Carlos Toxtli Hernandez, Claudia Flores Saviaga, Marco Maurier, Amandine Ribot, Temitayo Samson Bankole, Alexander Entrekin, Michael Cantley, Salvi Singh, Sumitra Reddy, Yenumula. V. Reddy.
Even though the advent of the Web coupled with powerful search engines has empowered the knowledge workers to quickly find the needed information, it still is a time-consuming operation. Presently there are no readily available tools that can create and maintain an up-to-date personal knowledge base that can be readily consulted when needed. While organizing the entire Web as a semantic network is a long-term goal, creation of a semantic network of personal knowledge sources that are continuously updated by crawlers and other devices is an attainable task. We created an app titled ExperTwin, that collects personally relevant knowledge units (known as JANs) from the Web, Email correspondence, and locally stored files, organize them as a semantic network that can be easily queried and visualized in many formats — just in time — when performing a knowledge-based task. The architecture of ExperTwin is based on the model of a “Society of Intelligent Agents”, where each agent is responsible for a specific task. Collection of JANs from multiple sources, establishing the relevancy, and creation of the personal semantic network are some of the many tasks performed by the individual agents. Tensorflow and Natural Language Processing (NLP) tools have been implemented to let ExperTwin learn from users. Document the design and deployment of ExperTwin as a “Knowledge Advantage Machine” able to search for relevant information while performing a knowledge-based task, is the main goal of the research presented in this post.
Today, the information in every field is expanding exponentially, while simultaneously the half-life of that information is reducing rapidly. Knowledge workers (KW) are facing these twin challenges in keeping themselves current. Traditional methods of continuing education are not sufficient to keep the knowledge workers up-to-date. This situation gives rise to the need for the development of an intelligent tool that can automatically gather, refine and present contextually relevant knowledge on demand at the time of need. This post describes a tool known as ExperTwin that we developed to address these challenges. This may be metaphorically thought of as an alter ego that dwells in cyberspace collecting, refining and transforming information into a usable knowledge base that is always current and relevant. For example, if a knowledge worker, say that a researcher is preparing a research paper, ExperTwin can present the latest relevant annotated bibliography. The same thing applies to any other situation where knowledge plays a key role. Just as Mechanical Advantage played a key role in the industrial era, the concept of Knowledge Advantage could be applied to deal with the information explosion problem.
The three main components of the solution are Knowledge Discovery, Learning Agent and Visualization. Below are shown the architecture and the details of each of the components.
Our knowledge discovery step for ExperTwin consists of the crawling feature to extract data from various sources. The ExperTwin has the capability to discover knowledge from RSS feeds, email, and documents uploaded via drag and drop on the ExperTwin interface. The web crawler or discovery agent extracts data from the RSS feed at regular intervals. All the information is inserted in the database as JANs.

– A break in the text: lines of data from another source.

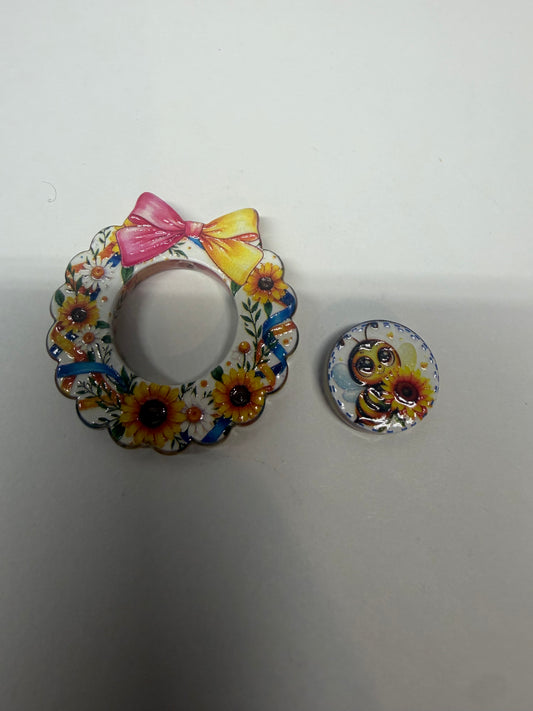 Acrylic focal 2 pieces wreath sunflower and bee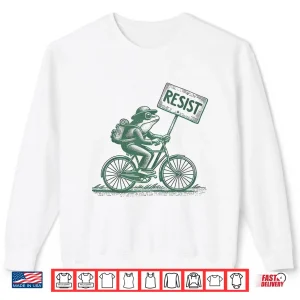 Sweatshirt Frog On Bike Resist Portland Frog Protest Shirt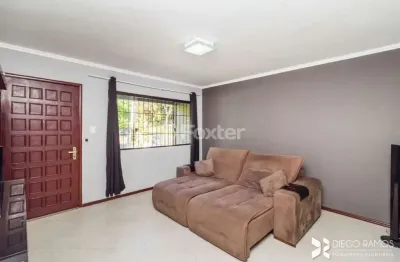 Casa com 3 quartos à venda na rua antônio josephino perrone, 343, espírito santo, porto alegre, 172 m2 por r$ 465.000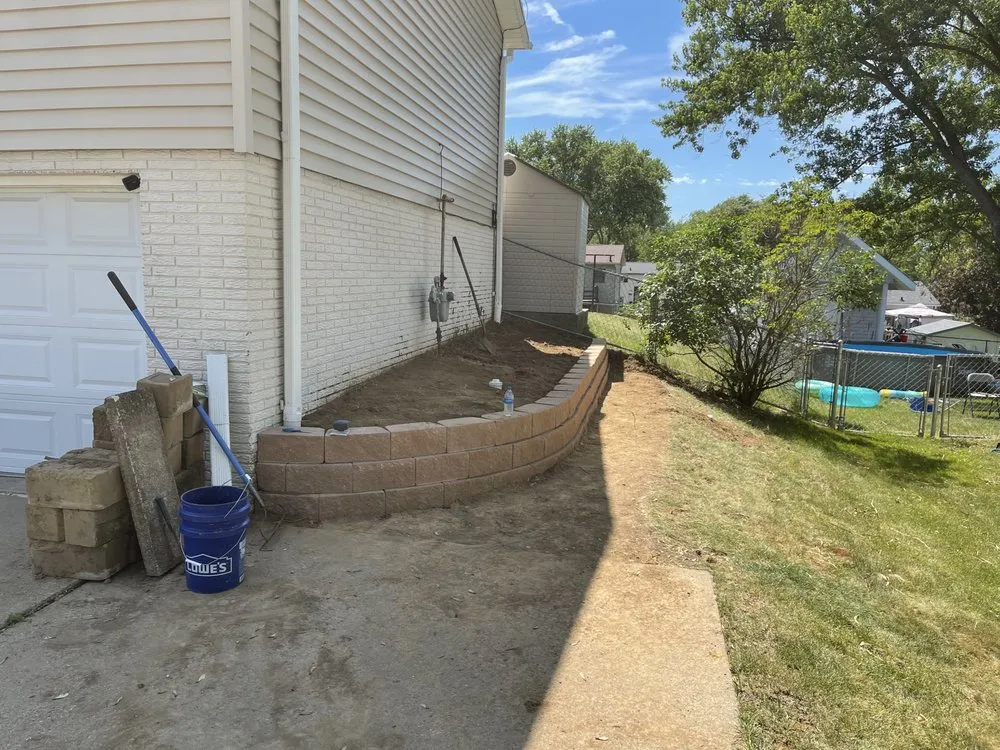 Reliable lawn care service for outdoor upgrades in Dubuque, IA by Residential Lawn Care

There were 4 different data acquisition mechanisms, a files drag-and-drop area in the user interface, a chrome extension, an email bot, and a Rich Site Summary(RSS) crawler. The drag-and-drop mechanism consists of a special area in the top bar of the user interface that is able to upload multiple files and nested directories. The chrome extension is a button placed in the browser top bar and its function is to send the URL that the user is visiting. The email bot is able to get as input article URLs, RSS URLs, and attached files.
For the purpose of this research, we selected a Tech News domain. The sources of all the data are close to fifty RSS feeds from various tech news websites. The web crawler or discovery agent extracts data from the RSS feed at regular intervals. The news feeds are temporarily stored in a Non-SQL MongoDB database until being processed by a TensorFlow model that filters the relevant content as is outlined in section VI (learning agent).
ExperTwin learns from the user preferences and interactions to retrieve tailored content to each user through Natural Language Processing and Machine Learning models.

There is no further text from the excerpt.